Country: USA
Street Trash represents the height of horror absurdity, a film in which almost every taboo is not only explored, but satirised. Few horror films have such a brazen attitude to such subject matter as rape, castration, and out of control vagrancy. The vagrant community the film depicts is a vile cesspool. We feel not an ounce of sympathy for the street trash of the title. They are either homicidal, rapists, or thieves. In the wrong hands a film such as this could have been a truly abominable piece of cinematic excrement, but in the talented hands of director Jim Muro and writer/producer Roy Frumkes the result is a mind and body bending catalogue of carnivalesque imagery and laugh out loud dialogue.
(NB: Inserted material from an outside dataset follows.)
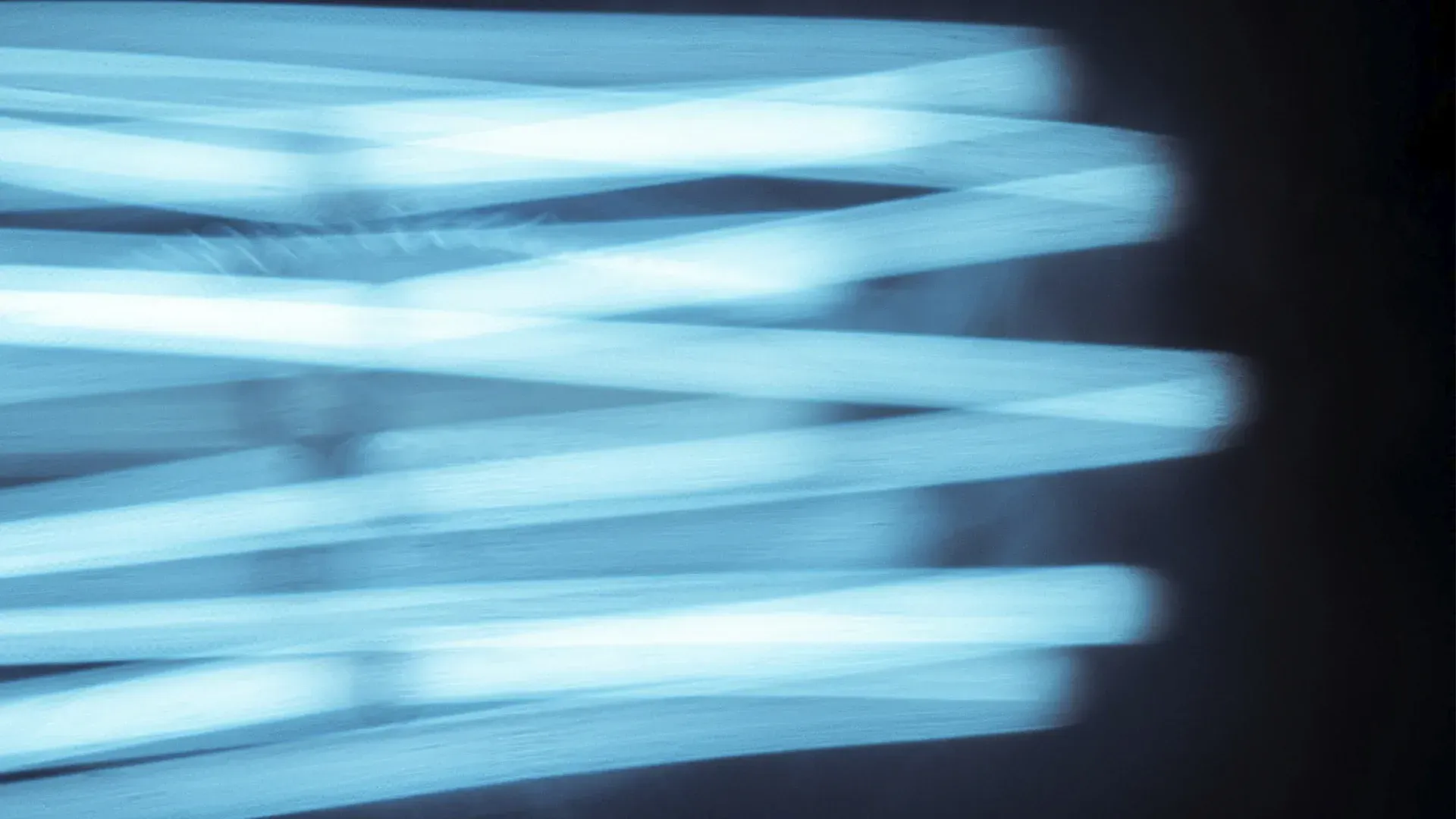 Blurred, glowing blue neon tubes against a dark background.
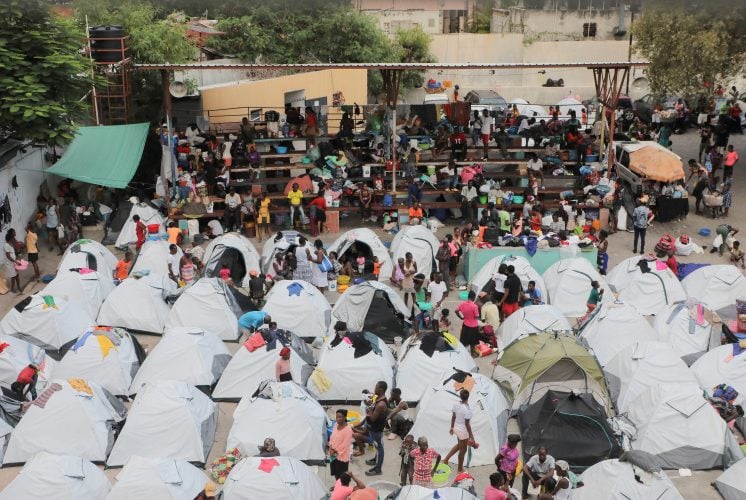 FILE PHOTO: People fleeing gang violence take shelter at a sports arena, in Port-au-Prince, Haiti September 1, 2023. REUTERS/Ralph Tedy Erol/File Photo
Frumkes had previous filmmaking experience with his excellent documentary Document of the Dead (1985) - an on set exploration of the making of George A Romero’s Dawn of the Dead (1978). The remainder of the crew of Street Trash were all pretty much first timers and students. Despite this and the obvious low budget this is a very cine-literate film which shows great generic knowledge in the manner it goes about upsetting the conventions of the form and our own expectations. Quite simply Street Trash is a film that is impossible to predict. This remains Jim Muro’s only credit as a director, but the accomplished use of the steadicam in the film has seen him go on to work on films such as Terminator 2: Judgement Day (1991), JFK (1991) and Crash (2004). The first example of this is in the opening chase sequence as we follow the films ostensible hero Fred (Mike Lackey - who was also responsible for much of the outlandish special make up effects) being pursued after a bit of thievery. This introduces an aspect of the film which remains throughout - an attention to cinematic detail. This is a rare low budget horror film that places huge importance on the camera (angles, position, movement), composition, framing, and editing.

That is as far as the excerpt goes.